Numerical Integration on Discrete Data Sets

87 vues (au cours des 30 derniers jours)
Andy Hall
Andy Hall le 9 Mar 2019
Commenté : John D'Errico le 10 Mar 2019
Hi All,
Im currently trying to run the following code:
close all; % close all programs
clc; % clears command window
clear all; % Clears memory
%%%%%%%%%%%%%%%%%%%%%%%%%%%%%%%%%%%%%%%%%%%%%%%%%%
%% Parameters
%Function and Interval
A= csvread('finaldata.csv');
x= A(:,2)
value= @sin
a= 0; % Lower limit of function
b= pi; % Upper limit of function
% Number of Points
N= 1250; % Number of points can be adjusted later
%%%%%%%%%%%%%%%%%%%%%%%%%%%%%%%%%%%%%%%%%%%%%%%%%%
%% Discrete Integration
%%%%%%%%%%%%%%%%%%%%%%%%%%%%%%%%%%%%%%%%%%%%%%%%%%
% Positions of the points
dx = (b-a)/N;
x = [0.0010:N - 0.0010]*dx; % Centre positions of segments under the curve to be integrated
% Calculate Function
y = value(x) % Calculates function at midpoints
% Numerical Integration
I_Discrete = sum(y)*dx; % Numerical integration by summing and multiplying by dx
subplot(1,3,1)
plot(x,y)
%%%%%%%%%%%%%%%%%%%%%%%%%%%%%%%%%%%%%%%%%%%%%%%%%%
%% Trapezoidal Integration
%%%%%%%%%%%%%%%%%%%%%%%%%%%%%%%%%%%%%%%%%%%%%%%%%%
% Positions of the points
x = linspace(a,b,N); % To place N points on a and b exactly
dx = x(2) -x(1); % Extracts spacing between x values
% Calculate Function
y = value(x); % Caluclates function at midpoints
% Numerical Integration
W = [0.5 ones(1,N-2) 0.5];
I_Trap = sum(W.*y)*dx;
subplot(1,3,2)
plot(x,y)
%%%%%%%%%%%%%%%%%%%%%%%%%%%%%%%%%%%%%%%%%%%%%%%%%%
%% Simpsons 1/3rd Integration
%%%%%%%%%%%%%%%%%%%%%%%%%%%%%%%%%%%%%%%%%%%%%%%%%%
% Positions of the points
x = linspace(a,b,N); % To place N points on a and b exactly
dx = x(2) -x(1); % Extracts spacing between x values
% Calculate Function
y = value(x); % Caluclates function at midpoints
% Numerical Integration
I = 0;
for n = 1 : 2 : N-2
a = y(n) + 4*y(n+1) + y(n+2);
I = I + a;
end
I_simp = I*(dx/3);
subplot(1,3,3)
plot(x,y);
Im trying to feed a data set (it forms a sinewave) to integrate to remove the phase shift on the signal.
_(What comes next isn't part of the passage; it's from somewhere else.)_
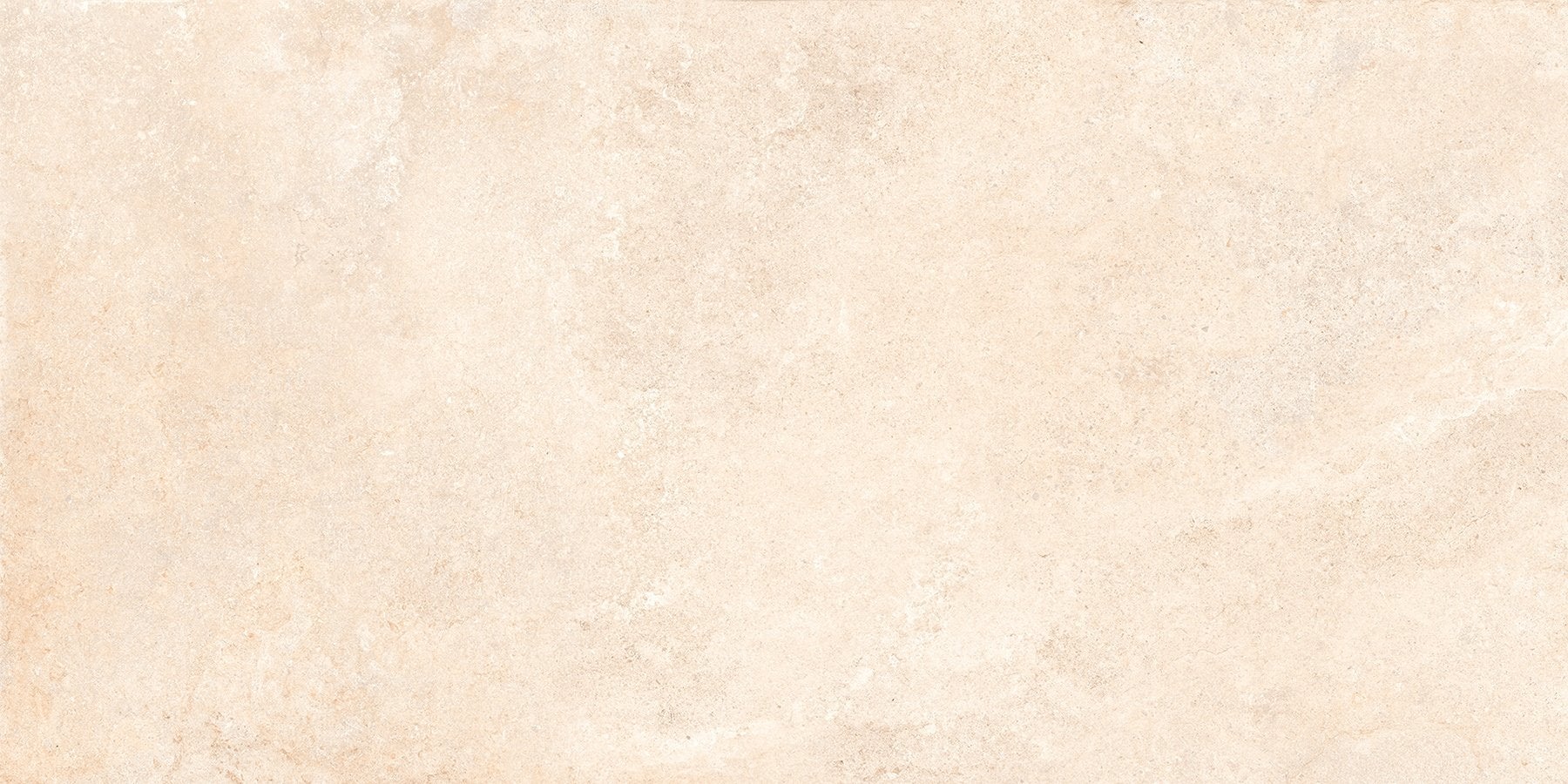 Mexen Oberon Crema gres szkliwiony rekt. G1, płytka podłogowo-ścienna 120 x 60 cm, carving - TL429-120-060-04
The program works fine with the sin function, but cannot seem to get it working well with my data set. the data set has two collumns which when plotted together shows the sinewave over a number of periods.
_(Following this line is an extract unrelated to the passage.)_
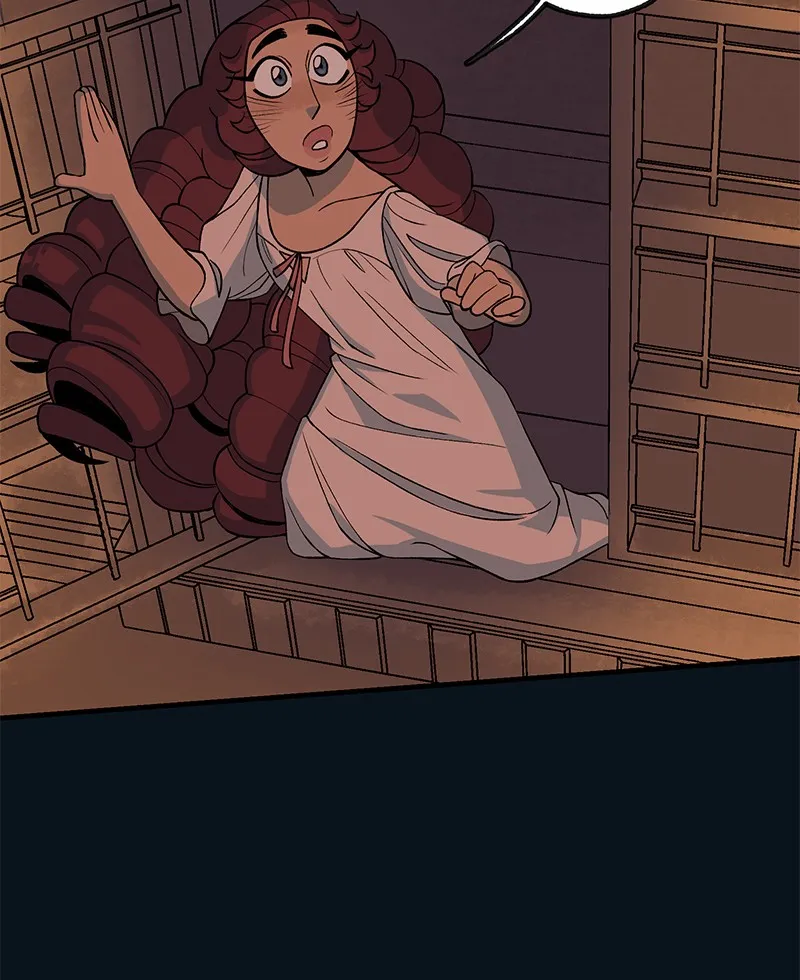 Suitor Armor Chapter 11 page 69 -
Is it a case that i cannot apply the data in this way? Any help is appreicated.
Andy

Réponse acceptée

John D'Errico
John D'Errico le 9 Mar 2019
Modifié(e) : John D'Errico le 9 Mar 2019
I might first guess that your data is not uniformly spaced. Simpson's rule does not apply to non-uniformly spaced data (thus non-uniform in x.) Even trapezoidal rule needs to be constructed correctly for it to work. But, since we do not see your data, this is only a guess.
Most simply, you should just use trapz. It is designed to take a vector x and y, then compute the integral. Writing code to do what is already available to solve your problem is usually a bad idea, unless you know enough to do a better job. Here you don't. Sorry, but that is just a statement of fact. So use trapz.
x = [0,sort(rand(1,100)),1]*pi;
y = sin(x);
trapz(x,y)
ans =
1.99847987386531
We know the integral of sin(x) over [0,pi] is 2, so that is quite reasonable. Trapz has no problem with the unevenly spaced data, yet if I did what you did, it would fail miserably, as would Simpson's rule.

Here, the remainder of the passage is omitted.